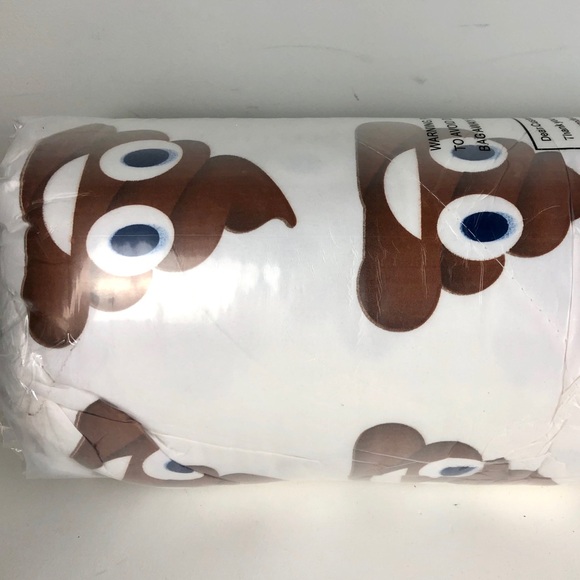 Poop 💩 Emoji Comforter Sheet Pillowcase Set Twin - Picture 4 of 8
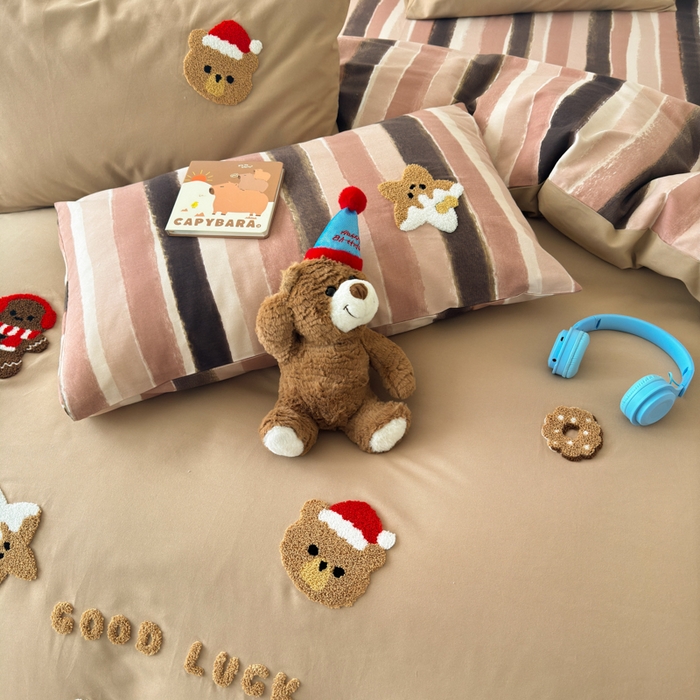 91家纺网 家纺一手货源 找家纺 如意朵 2025新款全棉加厚磨毛毛巾绣四件套（专版花型） 姜饼人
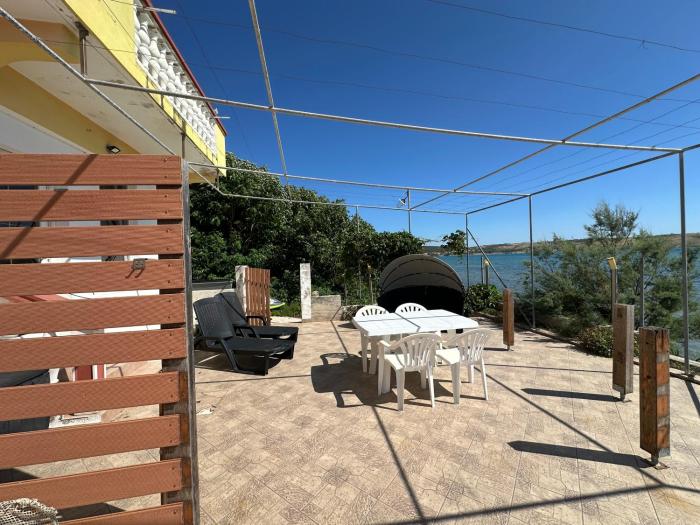 Villa M apartment for 5 Persons direct on the beach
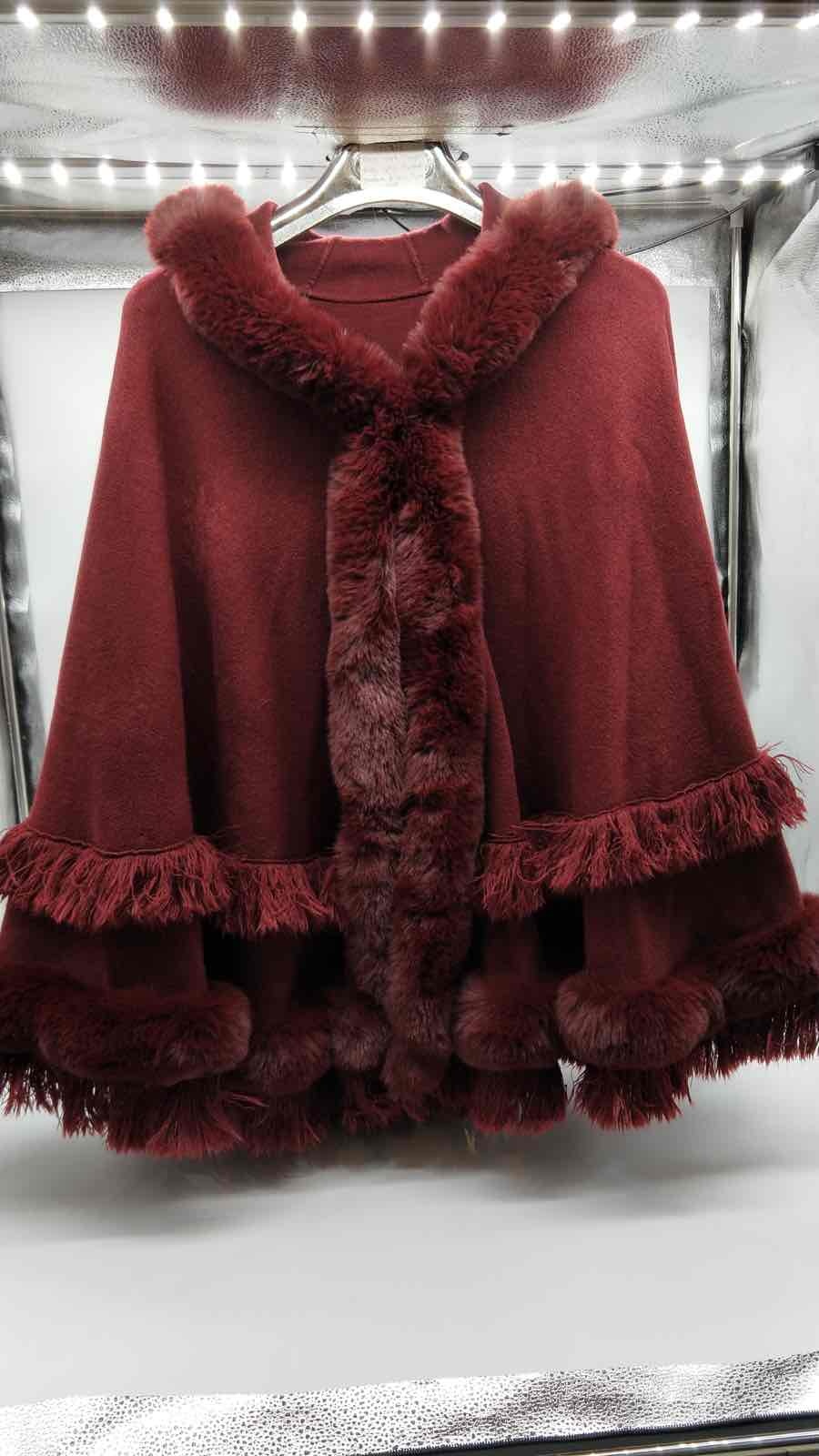 Wholesaler LX Moda - Poncho for woman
+ + + +
**Your assignment**
Please repeat the listing precisely, excluding the pictures it contains.

**Output for this task**
 Poop 💩 Emoji Comforter Sheet Pillowcase Set Twin - Picture 4 of 8
 91家纺网 家纺一手货源 找家纺 如意朵 2025新款全棉加厚磨毛毛巾绣四件套（专版花型） 姜饼人
 Villa M apartment for 5 Persons direct on the beach
 Wholesaler LX Moda - Poncho for woman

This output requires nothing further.